Saints, Sinners, Lovers, and Fools: 300 Years of Flemish Masterworks
Feb. 19 to June 25, Dallas Museum of Art, dma.org
The exhibition Artnet called a “visual buffet” offers over 130 works from the Phoebus Foundation’s rich collection of Flemish artwork that illustrate the remarkable developments in art production by masters such as Hans Memling and Peter Paul Rubens.

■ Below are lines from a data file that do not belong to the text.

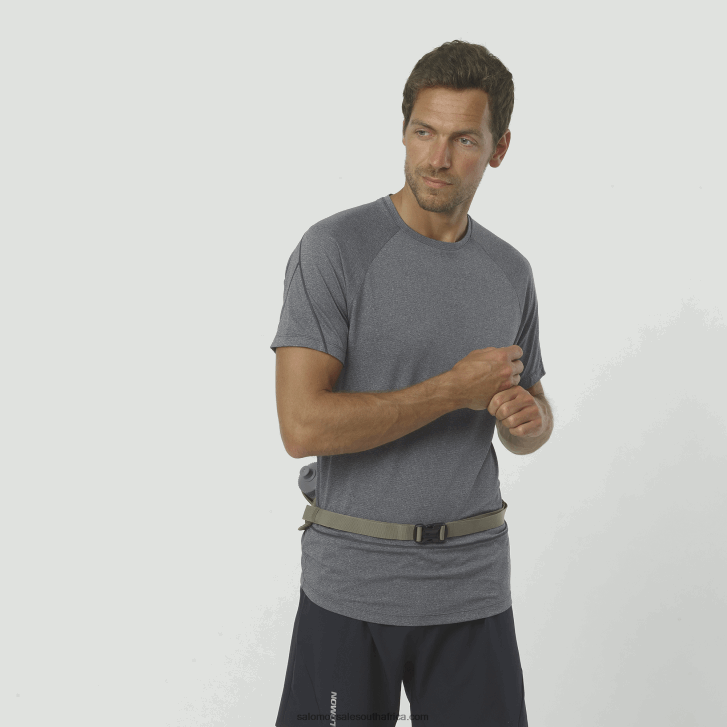 Salomon Mens Belt with 3D bottle included - Active JV8B48345 Dusky Green/Ebony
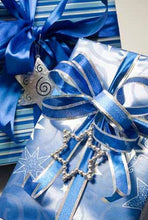 Load image into Gallery viewer, Blue and Silver Themed Gift Wrapping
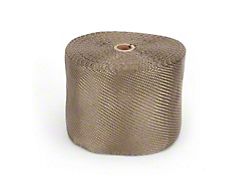 Titanium Exhaust Wrap; 6-Inch x 100-Foot (Universal; Some Adaptation May Be Required)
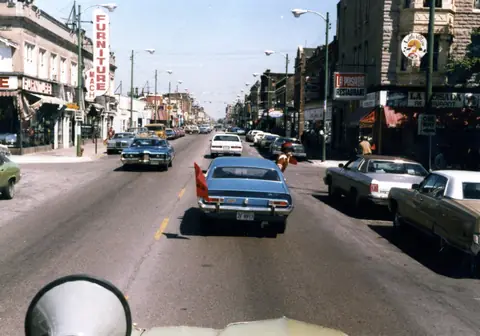 Car protest on 26th Street, Little Village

In the Shadow of Dictatorship: Creating the Museum of Spanish Abstract Art
Feb. 26 to June 18, Meadows Museum, SMU, Dallas, meadowsmuseumdallas.org
While a repressive dictatorship ruled Spain, artist and collector Fernando Zóbel established the Museo de Arte Abstracto Español in 1966, the first institution of its kind in Spain. More than 40 highlights from its remarkable collection—most coming to the U.S. for the first time—tell the story of this pioneering artists’ museum and explore the rich panorama of abstract Spanish art under the Francoist regime.
Pipilotti Rist: Pixel Forest and Worry Will Vanish
March 12 to Sep. 4, Museum of Fine Arts-Houston, mfah.org
The MFAH continues its series of grand-scale, immersive presentations with two works from the museum’s collections by innovative Swiss artist Pipilotti Rist: “Pixel Forest,” an installation of thousands of hanging LED lights; and “Worry Will Vanish,” a video projection that takes viewers on a dreamlike journey through the natural landscape, the human body, and the heavens.

Emancipation: The Unfinished Project of Liberation
March 12–July 9, Amon Carter Museum of American Art, Fort Worth, cartermuseum.org
Seven installations by contemporary Black artists — Sadie Barnette, Alfred Conteh, Maya Freelon, Hugh Hayden, Letitia Huckaby, Jeffrey Meris, and Sable Elyse Smith — respond to John Quincy Adams Ward’s bronze sculpture The Freedman (1863) from the Carter’s collection.

The Curatorial Imagination of Walter Hopps
Mar 24 to Aug 13, Menil Collection, Houston. menil.org
Once dubbed “the marvelous mad maven of modern art in America,” Walter Hopps (1932–2005) the Menil Collection’s Founding Director, once estimated that he had curated some 250 exhibitions in his long career. This exhibition celebrates Hopps’ influential curatorial vision as well as his distinctive approach to exhibition making, and appreciation for a variety of 20th-century art movements.